Schmid's study of the Stemma was especially interesting. He instantly recognized that its subject and focus is Cunigunde (at the bottom left), not Charlemagne or any of the figures high up the diagram.

He proposed that the Munich manuscript is a copy, perhaps made decades later, of a document probably drawn up in Metz, where Cunigunde's villainous brother Dietrich II was bishop and no doubt had clerks and a library capable of drawing such a work. Schmid does not opt for a date, though tendentially he suggests this would have been after Cunigunde's coronation as empress in Rome in 1013.

The purpose of his article is to argue that the stemma's core content must go back to a 991 visualization that would have been drawn up by "Carolingian legitimists" in support of Karl, a child, as pretender to the kingship of West Francia in opposition to Hugh Capet (elected 987). Hugh won out and is now regarded as the first king of France, the legitimists lost, and little Karl (the last Carolus in the diagram) simply falls off the face of history. Whether he was killed or lived out a full life as a pitiable might-have-been is unknown. Instead he gains his place in history as the original inspiration for a very remarkable diagram.
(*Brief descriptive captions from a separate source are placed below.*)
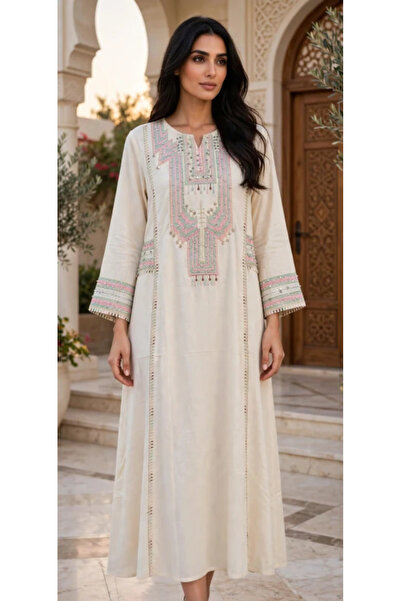 IKKXA Geometric Embroidered Notch Neck Maxi Jalabiya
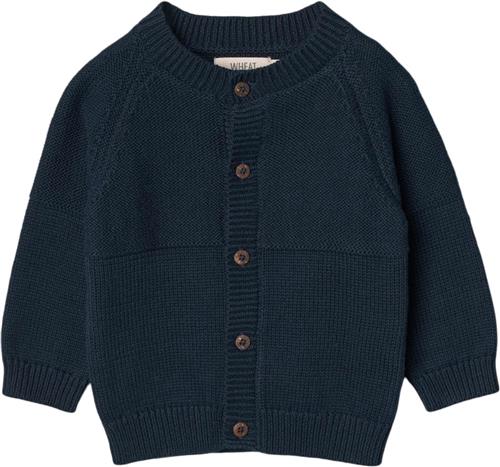 Wheat Strik Cardigan Eddy Str 68/6m - Blå Cardigans Bomuld hos Magasin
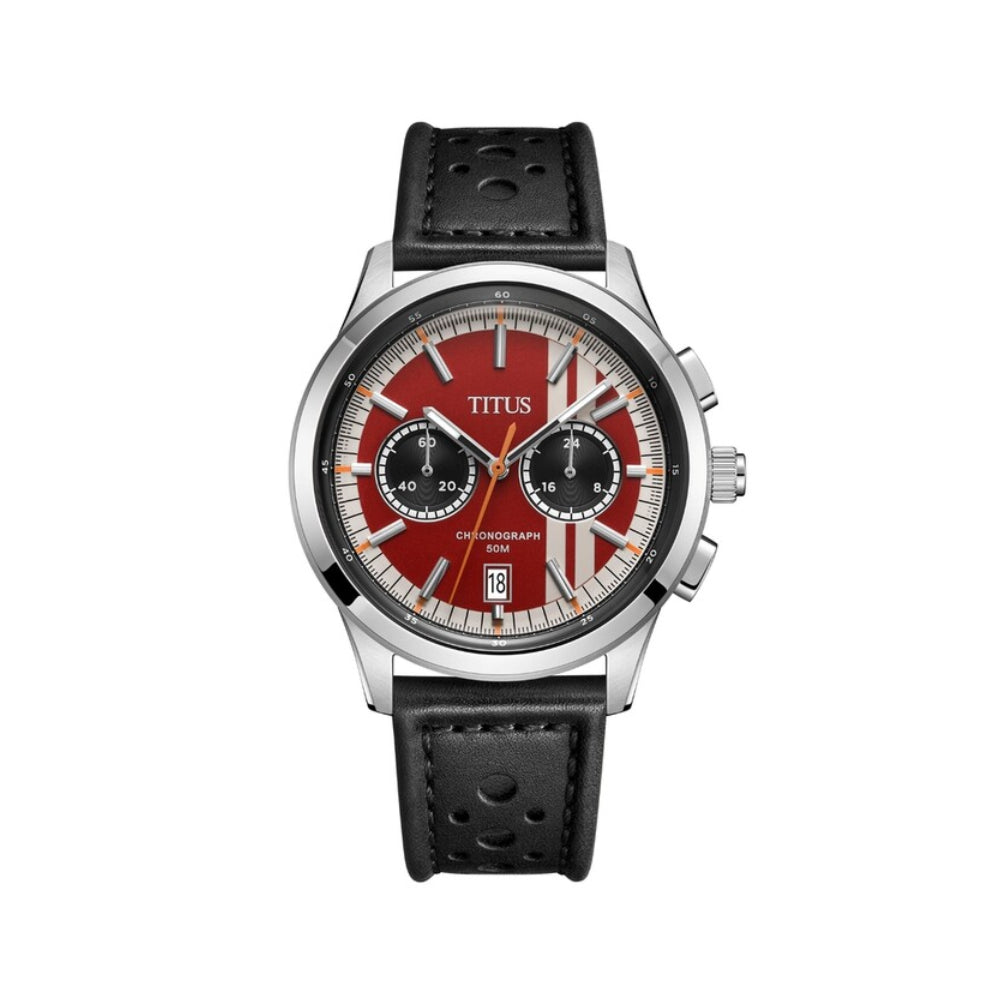 [MEN] Solvil et Titus Bravo Chronograph Quartz Leather Watch [W06-03236-016]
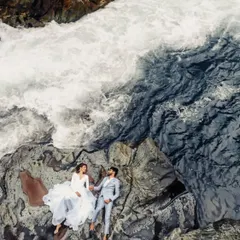 We traveled to the heart of Kashmir for this shot, placing our couple amidst the raw power of nature. This aerial view, captured with our drone, shows how we use dramatic landscapes to create unforgettable, larger-than-life portraits that tell a story of adventure and love.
The eye-catching festoons at the left and right of the drawing above would have been created to make room to add Cunigunde and the Ottonians to the anti-Capet diagram.

Schmid (Wikipedia entry) bases this ingenious lost-diagram hypothesis on an analysis of errors and non-sequiturs in the graphic arrangement that survives. His article is a most impressive feat of graphic reconstruction, and I think his point of view is convincing. As far as I know, this was the last scholarly thing he wrote. It was published following his 1993 death in a volume that contains his obituary.

From Forum Eeerste Wereldoorlog.nl
He even reaches back a little further, tentatively suggesting that the enemies of Hugh Capet may have found their model in a hypothetical document dating from the 978-984 war between Lothair of West Francia and the Ottonians. Schmid thinks that because the stemma often suppresses the title of "emperor" and because the final central roundel in the drawing above is empty, omitting the name of Louis le Fainéant which should obviously fill it, that ur-ur-diagram might have existed. He conjectures that this could have been a piece of proto-French political propaganda circulated during that conflict to ridicule the proto-Germans' pretensions to be upholding a (First) Reich. That is a sobering millennial thought in this year, when we often have in mind the sombre centenary of a war where elaborate French propaganda, like L'Impérial Semeur at right, so often mocked the Second Reich.

Gädeke, Nora. Zeugnisse bildlicher Darstellung der Nachkommenschaft Heinrichs I. Arbeiten zur Fruhmittelalterforschung 22. De Gruyter, 1992.
Klapisch-Zuber, Christiane. L’Ombre des Ancêtres. Paris: Fayard, 2000.
Schmid, Karl. “Ein verlorenes Stemma Regum Franciae. Zugleich ein Beitrag zur Entstehung und Funktion karolingischer (Bild-)Genealogien in salisch-staufischer Zeit.” Frühmittelalterliche Studien 28 (1994): 196–225. doi:10.1515/9783110242263.196.